(Short descriptive text snippets)
━━━━━━━━━━━━━━━━━━━━
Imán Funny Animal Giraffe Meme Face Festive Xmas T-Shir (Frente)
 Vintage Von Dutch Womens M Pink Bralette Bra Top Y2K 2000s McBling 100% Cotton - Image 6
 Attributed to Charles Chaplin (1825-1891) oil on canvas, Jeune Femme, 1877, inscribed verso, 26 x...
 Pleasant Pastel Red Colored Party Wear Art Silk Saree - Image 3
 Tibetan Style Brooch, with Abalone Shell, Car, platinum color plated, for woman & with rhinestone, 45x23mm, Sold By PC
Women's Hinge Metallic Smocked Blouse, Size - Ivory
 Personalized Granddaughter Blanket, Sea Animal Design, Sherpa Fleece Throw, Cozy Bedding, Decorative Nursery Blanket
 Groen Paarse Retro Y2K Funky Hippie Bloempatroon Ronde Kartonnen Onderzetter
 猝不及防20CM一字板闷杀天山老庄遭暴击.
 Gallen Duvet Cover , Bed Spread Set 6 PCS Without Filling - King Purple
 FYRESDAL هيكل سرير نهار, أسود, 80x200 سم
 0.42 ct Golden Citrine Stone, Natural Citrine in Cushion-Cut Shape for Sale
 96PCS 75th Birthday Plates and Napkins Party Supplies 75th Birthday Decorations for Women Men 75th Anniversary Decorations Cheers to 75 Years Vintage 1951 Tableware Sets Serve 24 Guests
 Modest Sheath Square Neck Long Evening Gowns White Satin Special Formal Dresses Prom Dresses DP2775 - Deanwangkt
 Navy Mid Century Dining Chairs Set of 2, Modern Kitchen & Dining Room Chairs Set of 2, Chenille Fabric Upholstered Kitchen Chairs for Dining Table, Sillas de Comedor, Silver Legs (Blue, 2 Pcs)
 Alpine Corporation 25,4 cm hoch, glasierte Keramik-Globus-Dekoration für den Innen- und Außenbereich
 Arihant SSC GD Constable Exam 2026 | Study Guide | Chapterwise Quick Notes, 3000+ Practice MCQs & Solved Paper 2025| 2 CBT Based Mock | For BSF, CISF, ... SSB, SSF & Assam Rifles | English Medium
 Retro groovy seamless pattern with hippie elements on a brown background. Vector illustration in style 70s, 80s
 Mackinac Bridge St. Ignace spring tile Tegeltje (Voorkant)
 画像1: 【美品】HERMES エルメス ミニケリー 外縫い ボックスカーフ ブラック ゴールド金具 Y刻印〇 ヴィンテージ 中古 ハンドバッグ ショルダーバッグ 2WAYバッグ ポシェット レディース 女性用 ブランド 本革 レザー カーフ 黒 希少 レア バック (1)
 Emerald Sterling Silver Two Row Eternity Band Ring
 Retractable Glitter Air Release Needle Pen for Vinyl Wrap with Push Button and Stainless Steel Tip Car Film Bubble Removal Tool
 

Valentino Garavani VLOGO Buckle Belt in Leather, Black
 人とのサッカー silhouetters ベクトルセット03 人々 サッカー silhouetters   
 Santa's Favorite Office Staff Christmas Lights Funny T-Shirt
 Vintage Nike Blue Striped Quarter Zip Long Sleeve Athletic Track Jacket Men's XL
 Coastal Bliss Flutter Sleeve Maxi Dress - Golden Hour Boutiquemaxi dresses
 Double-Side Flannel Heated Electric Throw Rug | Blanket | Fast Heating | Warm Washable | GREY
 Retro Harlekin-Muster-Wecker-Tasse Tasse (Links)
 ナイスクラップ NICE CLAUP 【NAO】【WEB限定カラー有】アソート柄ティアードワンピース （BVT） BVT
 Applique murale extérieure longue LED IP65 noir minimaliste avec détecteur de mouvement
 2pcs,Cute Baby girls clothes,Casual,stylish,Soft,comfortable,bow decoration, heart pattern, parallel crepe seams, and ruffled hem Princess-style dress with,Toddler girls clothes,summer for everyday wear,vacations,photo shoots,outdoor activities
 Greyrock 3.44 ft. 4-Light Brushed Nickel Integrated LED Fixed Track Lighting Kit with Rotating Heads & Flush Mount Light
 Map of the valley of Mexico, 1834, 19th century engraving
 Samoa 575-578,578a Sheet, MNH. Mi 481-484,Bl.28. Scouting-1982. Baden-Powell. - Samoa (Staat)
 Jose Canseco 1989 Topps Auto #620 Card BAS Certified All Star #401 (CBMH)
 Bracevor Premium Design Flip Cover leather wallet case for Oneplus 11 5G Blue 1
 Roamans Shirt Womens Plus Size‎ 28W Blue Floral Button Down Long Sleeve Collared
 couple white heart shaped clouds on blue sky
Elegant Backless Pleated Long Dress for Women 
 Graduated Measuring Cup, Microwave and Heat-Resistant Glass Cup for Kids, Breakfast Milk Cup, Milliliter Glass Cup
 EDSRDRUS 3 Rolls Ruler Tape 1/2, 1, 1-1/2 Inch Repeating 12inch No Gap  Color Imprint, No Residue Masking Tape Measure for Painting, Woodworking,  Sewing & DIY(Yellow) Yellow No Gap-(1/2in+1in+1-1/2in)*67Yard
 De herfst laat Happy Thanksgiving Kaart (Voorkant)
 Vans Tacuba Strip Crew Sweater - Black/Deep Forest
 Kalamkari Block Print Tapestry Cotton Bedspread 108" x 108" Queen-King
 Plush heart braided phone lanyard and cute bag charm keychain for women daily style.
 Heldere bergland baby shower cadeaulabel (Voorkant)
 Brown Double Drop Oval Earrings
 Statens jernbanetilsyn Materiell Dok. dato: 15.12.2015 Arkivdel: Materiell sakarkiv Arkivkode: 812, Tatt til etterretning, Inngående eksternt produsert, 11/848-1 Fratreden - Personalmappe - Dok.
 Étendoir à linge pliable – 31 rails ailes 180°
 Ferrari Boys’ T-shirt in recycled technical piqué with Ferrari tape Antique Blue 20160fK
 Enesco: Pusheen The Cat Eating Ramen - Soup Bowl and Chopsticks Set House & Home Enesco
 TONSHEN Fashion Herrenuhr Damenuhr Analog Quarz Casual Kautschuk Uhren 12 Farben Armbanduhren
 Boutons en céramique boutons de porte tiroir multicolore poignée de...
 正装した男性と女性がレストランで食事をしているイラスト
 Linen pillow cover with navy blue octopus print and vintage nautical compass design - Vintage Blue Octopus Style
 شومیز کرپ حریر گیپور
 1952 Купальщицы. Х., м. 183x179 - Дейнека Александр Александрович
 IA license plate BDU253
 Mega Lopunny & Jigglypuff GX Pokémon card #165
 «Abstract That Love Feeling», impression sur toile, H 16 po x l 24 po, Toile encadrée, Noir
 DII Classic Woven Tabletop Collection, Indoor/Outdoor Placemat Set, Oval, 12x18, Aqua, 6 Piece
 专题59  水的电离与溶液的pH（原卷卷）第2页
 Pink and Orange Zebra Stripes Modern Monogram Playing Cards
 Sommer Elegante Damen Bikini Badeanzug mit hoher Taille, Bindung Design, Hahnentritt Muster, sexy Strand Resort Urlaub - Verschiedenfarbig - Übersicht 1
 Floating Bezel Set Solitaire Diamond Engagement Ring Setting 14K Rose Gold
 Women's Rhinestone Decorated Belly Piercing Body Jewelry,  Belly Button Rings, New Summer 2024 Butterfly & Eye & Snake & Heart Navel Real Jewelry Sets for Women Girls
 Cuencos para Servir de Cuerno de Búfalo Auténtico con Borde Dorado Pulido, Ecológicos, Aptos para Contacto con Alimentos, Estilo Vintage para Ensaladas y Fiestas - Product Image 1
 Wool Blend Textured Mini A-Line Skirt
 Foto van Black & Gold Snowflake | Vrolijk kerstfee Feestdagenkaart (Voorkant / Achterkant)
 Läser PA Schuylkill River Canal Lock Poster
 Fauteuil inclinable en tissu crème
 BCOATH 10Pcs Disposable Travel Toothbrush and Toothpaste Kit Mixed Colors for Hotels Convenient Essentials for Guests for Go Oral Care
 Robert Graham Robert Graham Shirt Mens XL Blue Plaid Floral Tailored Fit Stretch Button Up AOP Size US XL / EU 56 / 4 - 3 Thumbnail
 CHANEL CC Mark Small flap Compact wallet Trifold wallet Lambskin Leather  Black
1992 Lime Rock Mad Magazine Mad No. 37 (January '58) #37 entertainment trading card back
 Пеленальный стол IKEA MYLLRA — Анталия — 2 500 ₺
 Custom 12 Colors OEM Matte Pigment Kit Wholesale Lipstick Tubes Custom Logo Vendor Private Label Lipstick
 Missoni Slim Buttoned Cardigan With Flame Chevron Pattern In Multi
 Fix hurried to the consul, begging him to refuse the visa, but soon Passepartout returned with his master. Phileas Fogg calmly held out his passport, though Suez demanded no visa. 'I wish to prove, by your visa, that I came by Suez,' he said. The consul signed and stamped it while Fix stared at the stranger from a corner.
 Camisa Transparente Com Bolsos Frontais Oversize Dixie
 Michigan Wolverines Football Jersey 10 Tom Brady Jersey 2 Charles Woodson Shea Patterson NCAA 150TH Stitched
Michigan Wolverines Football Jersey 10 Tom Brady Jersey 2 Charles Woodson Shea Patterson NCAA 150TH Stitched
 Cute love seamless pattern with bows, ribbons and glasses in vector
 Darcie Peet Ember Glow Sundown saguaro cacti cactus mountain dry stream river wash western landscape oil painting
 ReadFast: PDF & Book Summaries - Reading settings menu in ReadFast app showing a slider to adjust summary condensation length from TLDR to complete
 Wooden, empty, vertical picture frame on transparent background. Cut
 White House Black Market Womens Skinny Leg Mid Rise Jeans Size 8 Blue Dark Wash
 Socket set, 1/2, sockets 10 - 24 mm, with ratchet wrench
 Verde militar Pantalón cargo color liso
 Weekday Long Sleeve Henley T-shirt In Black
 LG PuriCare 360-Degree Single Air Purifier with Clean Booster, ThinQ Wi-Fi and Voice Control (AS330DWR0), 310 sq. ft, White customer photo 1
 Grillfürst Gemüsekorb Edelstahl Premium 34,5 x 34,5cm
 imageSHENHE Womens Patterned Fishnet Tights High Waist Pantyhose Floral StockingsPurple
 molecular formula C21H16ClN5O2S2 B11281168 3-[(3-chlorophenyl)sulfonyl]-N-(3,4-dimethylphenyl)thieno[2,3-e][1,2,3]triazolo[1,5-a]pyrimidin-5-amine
━━━━━━━━━━━━━━━━━━━━
Reproduce exactly the section above that begins at the line containing "画像1: 【美品】HERMES エルメス" and ends at the line containing "Roamans Shirt Womens", leaving out all other lines.

Written answer:
 画像1: 【美品】HERMES エルメス ミニケリー 外縫い ボックスカーフ ブラック ゴールド金具 Y刻印〇 ヴィンテージ 中古 ハンドバッグ ショルダーバッグ 2WAYバッグ ポシェット レディース 女性用 ブランド 本革 レザー カーフ 黒 希少 レア バック (1)
 Emerald Sterling Silver Two Row Eternity Band Ring
 Retractable Glitter Air Release Needle Pen for Vinyl Wrap with Push Button and Stainless Steel Tip Car Film Bubble Removal Tool
 

Valentino Garavani VLOGO Buckle Belt in Leather, Black
 人とのサッカー silhouetters ベクトルセット03 人々 サッカー silhouetters   
 Santa's Favorite Office Staff Christmas Lights Funny T-Shirt
 Vintage Nike Blue Striped Quarter Zip Long Sleeve Athletic Track Jacket Men's XL
 Coastal Bliss Flutter Sleeve Maxi Dress - Golden Hour Boutiquemaxi dresses
 Double-Side Flannel Heated Electric Throw Rug | Blanket | Fast Heating | Warm Washable | GREY
 Retro Harlekin-Muster-Wecker-Tasse Tasse (Links)
 ナイスクラップ NICE CLAUP 【NAO】【WEB限定カラー有】アソート柄ティアードワンピース （BVT） BVT
 Applique murale extérieure longue LED IP65 noir minimaliste avec détecteur de mouvement
 2pcs,Cute Baby girls clothes,Casual,stylish,Soft,comfortable,bow decoration, heart pattern, parallel crepe seams, and ruffled hem Princess-style dress with,Toddler girls clothes,summer for everyday wear,vacations,photo shoots,outdoor activities
 Greyrock 3.44 ft. 4-Light Brushed Nickel Integrated LED Fixed Track Lighting Kit with Rotating Heads & Flush Mount Light
 Map of the valley of Mexico, 1834, 19th century engraving
 Samoa 575-578,578a Sheet, MNH. Mi 481-484,Bl.28. Scouting-1982. Baden-Powell. - Samoa (Staat)
 Jose Canseco 1989 Topps Auto #620 Card BAS Certified All Star #401 (CBMH)
 Bracevor Premium Design Flip Cover leather wallet case for Oneplus 11 5G Blue 1
 Roamans Shirt Womens Plus Size‎ 28W Blue Floral Button Down Long Sleeve Collared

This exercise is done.